New accident tolerant fuels are in development to improve the safety and lifetime of boiling water-type nuclear fission reactors, whereby a Cr-alloy coating may be applied to the conventional Zr-alloy cladding on the nuclear fuel. However, an undesirable brittle intermetallic layer of ZrCr2 may form between the Cr-and Zr-alloys, damaging the integrity of the fuel system. Furthermore, diffusion of chromium, zirconium and other alloying elements will occur in each of the metallic layers, affecting the alloy properties. In designing a suitable alloy system, it is desirable to limit the formation of the intermetallic layer, as well as matching the structural and thermal properties of each alloy across the interface.

In order to rapidly propose preliminary alloy compositions and explore the properties of the candidate fuel systems, first-principles calculations were used to examine each of the layers separately, and the system as a whole.
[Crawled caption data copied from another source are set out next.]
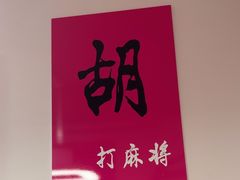-麻友记·24h自助棋牌(金融科贸店)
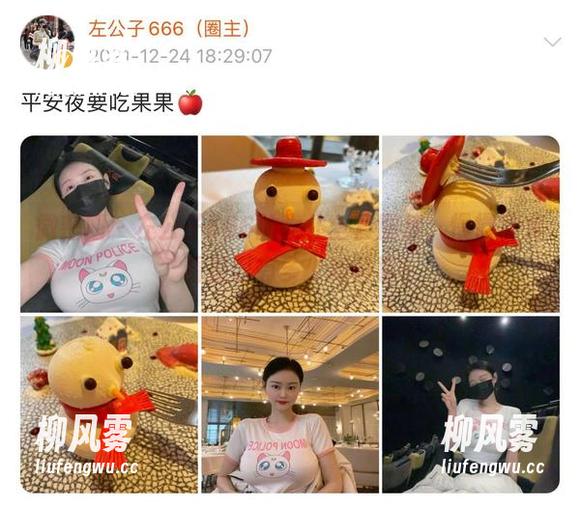微密圈 - 左公子666的女仆全套图集，慢慢欣赏，看里面有多少新鲜事！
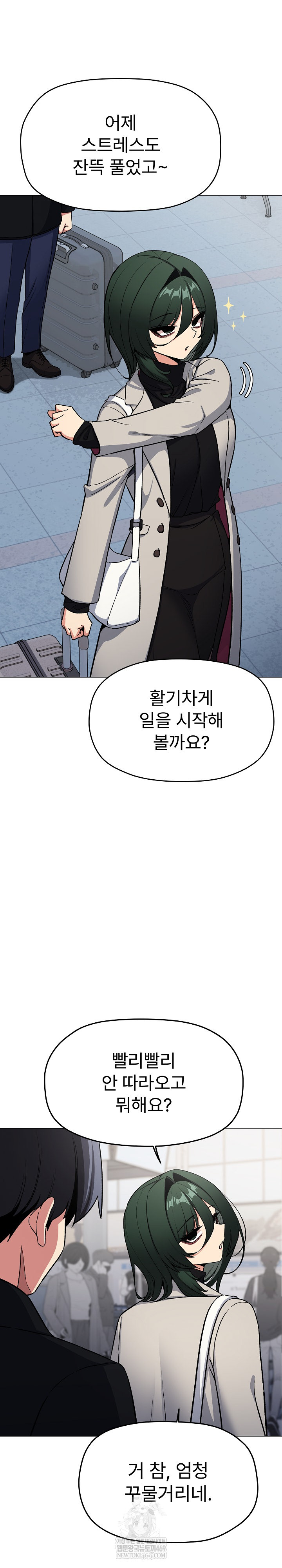 Stop Smoking Raw - Chapter 85 Page 5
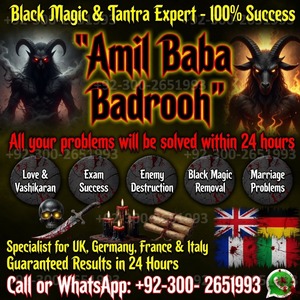 Online Amil baba in Pakistan,Naj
The effects of doping chromium, zirconium and ZrCr2 with light elements, all 3d, selected 4d transition metals, and some other elements of interest, was explored. The stability and structural properties of the fuel coating layers were investigated under various doping conditions, and the local electronic environment and chemical bonding was examined close to various dopant species to determine trends affecting the stability of the ZrCr2 phase.
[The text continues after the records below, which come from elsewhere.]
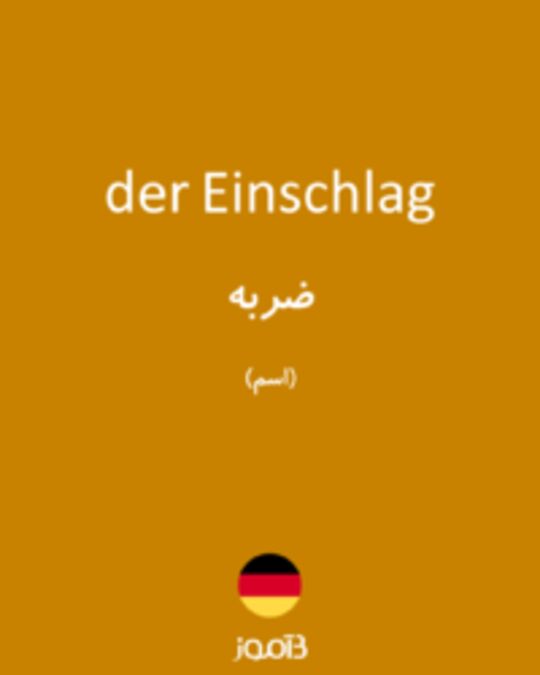  تصویر der Einschlag - دیکشنری انگلیسی بیاموز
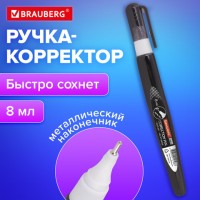 Корректирующая ручка Brayberg 8мл.металл.нак.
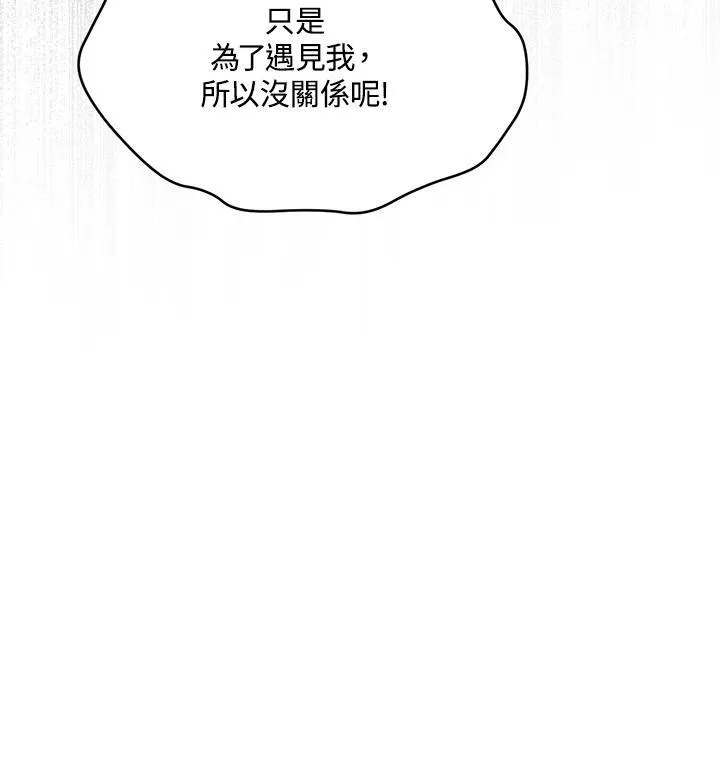 第133话82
This data was used to build a Cr-Zr-X thermodynamic database to be used for preliminary design of this layered nuclear fuel. The thermodynamics of the whole system was considered to predict atomic migration and intermetallic phase formation. Based on this data, candidate alloying elements for the Cr- or Zr-alloys are proposed that may limit intermetallic phase formation, eliminate significant volume changes that may cause microcracking, or that may improve the properties of the cladding system as a whole.